Dynamic Spectral Co-Clustering
This page contains supplementary materials for the paper "A Spectral Co-Clustering Approach for Dynamic Data". D. Greene, P. Cunningham (2011).
Synthetic Datasets
We provide four synthetic datasets that have been generated for evaluating dynamic co-clustering. Each dataset contains 10 time step matrices, containing 1,000 objects and 1,500 features, assigned to 8 embedded clusters of objects and features.>> Download Synthetic Collection (64MB)
Text Datasets
We provide two text datasets for evaluating dynamic co-clustering. Note that both datasets are made available in pre-processed sparse format, rather than in their original raw form.
The first dataset, the RCV1-5topic dataset, is constructed from a subset of the widely-used Reuters RCV1 corpus. The 10,116 news articles cover a 7 month period. Each article is annotated with a single ground truth topical label: health, religion, science, sport, weather. These topics are present across the entire time period of the corpus. The data provided here is divided into 28 weekly time step graphs.
>> Download RCV1-5topic Weekly Collection (4MB)
The second dataset consists of a set of
bookmarks from the Del.icio.us web portal, originally
collected Gorlitz et al. The
subset here covers the 2,000 top tags and 5,000 top sites across an
eleven month period from January to November 2006. This data is divided
into 44 weekly time step graphs. Note that ground-truth annotations are not provided for this dataset.
>> Download Delicious Top 5000 Bookmark Collection (14MB)
Data Formats
All datasets are provided in sparse matrix form. The data has already been pre-processed and divided into time steps. Each time step graph is stored using the following files:- *.mtx: Sparse feature-object matrix in Matrix Market format.

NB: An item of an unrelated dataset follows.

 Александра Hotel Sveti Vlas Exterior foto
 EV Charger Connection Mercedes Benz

- *.fids: List of features in present in each step, with each line corresponding to a row (feature) of the corresponding feature-object matrix.

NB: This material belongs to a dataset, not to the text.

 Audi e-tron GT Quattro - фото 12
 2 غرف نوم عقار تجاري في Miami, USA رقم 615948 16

- *.ids: List of object identifiers for each step, with each line corresponding to a column (object) of the corresponding feature-object matrix.

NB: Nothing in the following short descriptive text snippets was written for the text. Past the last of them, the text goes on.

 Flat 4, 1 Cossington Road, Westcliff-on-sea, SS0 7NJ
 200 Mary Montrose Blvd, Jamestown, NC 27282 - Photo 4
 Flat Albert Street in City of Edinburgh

- *.clist: Where available, a list of grounth truth object clustering annotations for each step, with each line corresponding to a column (object) of the corresponding feature-object matrix.
- *.fclist: Where available, a list of grounth truth feature clustering annotations for each step, with each line corresponding to a row (feature) of the corresponding feature-object matrix.